Question: Let $f : \mathbb{R} \to \mathbb{R}$ be a function such that
\[f(f(x - y)) = f(x) f(y) - f(x) + f(y) - xy\]for all $x,$ $y.$  Find the sum of all possible values of $f(1).$
Answer: Let $a = f(0)$ and $b = f(f(0))$.  Setting $y = x$ in the given equation, we get
\[[f(x)]^2 - x^2 = b \quad (1)\]for all $x$.  In particular, for $x = 0$, $a^2 = b$.

Setting $y = 0$ in the given equation, we get
\[f(f(x)) = (a - 1) f(x) + a \quad (2)\]for all $x$.

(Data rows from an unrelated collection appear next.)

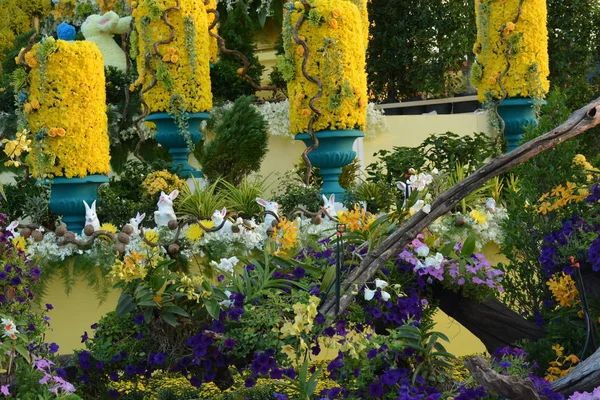 Flores Parque Tailandia —  Fotos de Stock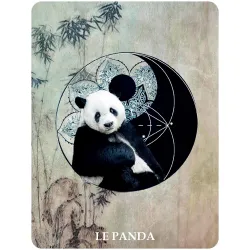 60 cartes de la Communication Animale, le panda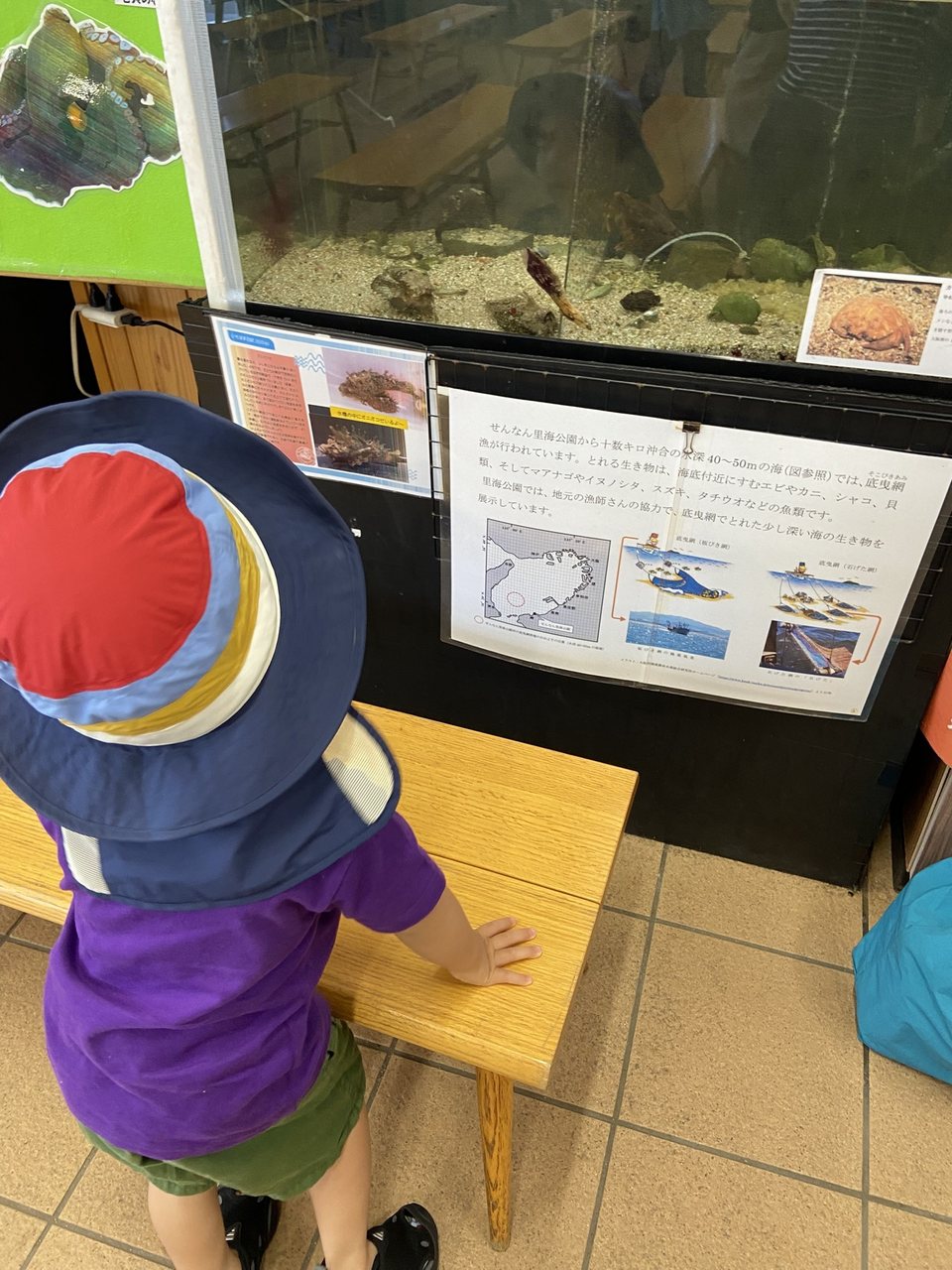 しおさい楽習館の水槽と解説パネル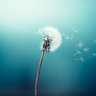Elite Dandelion
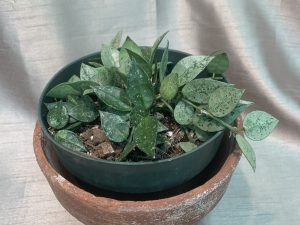 Hoya Krohniana Silver - Super Eskimo (Large)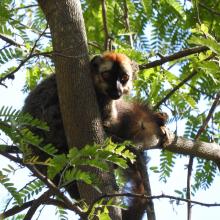 Eulemur rufus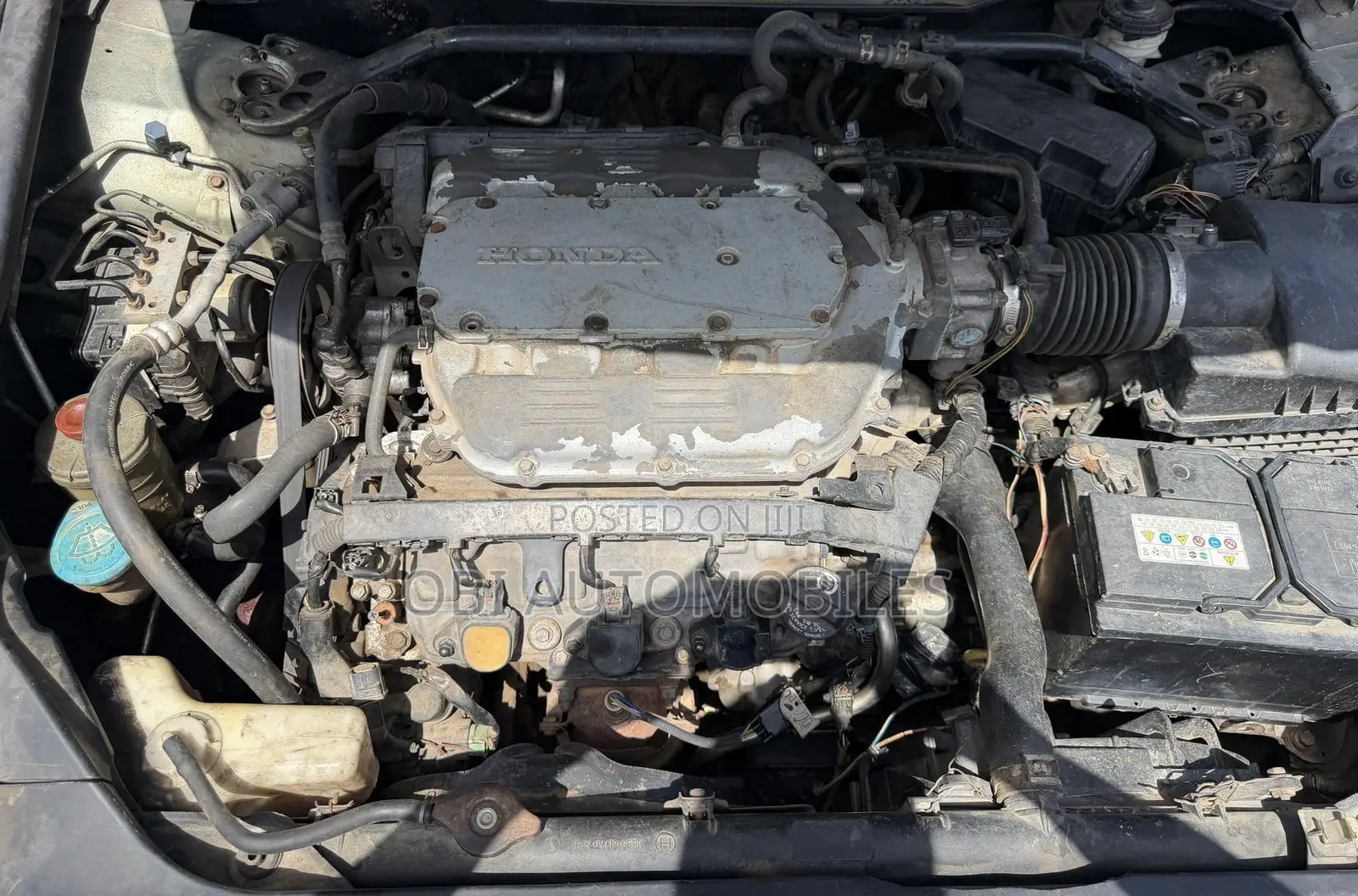 Honda Accord 2009 Green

Substituting $f(x)$ for $x$ in equation (1), we get
\[[f(f(x))]^2 - [f(x)]^2 = b.\]But from equation (2), $[f(f(x))]^2 = [(a - 1) f(x) + a]^2 = (a^2 - 2a + 1) [f(x)]^2 + 2a(a - 1) f(x) + a^2$, so
\[(a^2 - 2a) [f(x)]^2 + 2a(a - 1) f(x) = af(x) [(a - 2) f(x) + 2(a - 1)] = 0\]for all $x$.

If $a \neq 0$, then
\[f(x) [(a - 2) f(x) + 2(a - 1)] = 0\]for all $x$, so $f(x)$ attains at most two different values.  But by equation (1), this cannot be the case.

Hence, $a = 0$, then $b = 0$, so from equation (1),
\[[f(x)]^2 = x^2,\]which means $f(x) = x$ or $f(x) = -x$ for all $x$.

Let $x$ be a value such that $f(x) = x$.  Then $f(f(x)) = f(x) = x$, so by equation (2), $x = -x$, or $x = 0$.  Hence, the only value of $x$ such that $f(x) = x$ is $x = 0$.  Therefore, $f(x) = -x$ for all $x$.  It is easy to check that this solution works.

Therefore, the sum of all possible values of $f(1)$ is $\boxed{-1}.$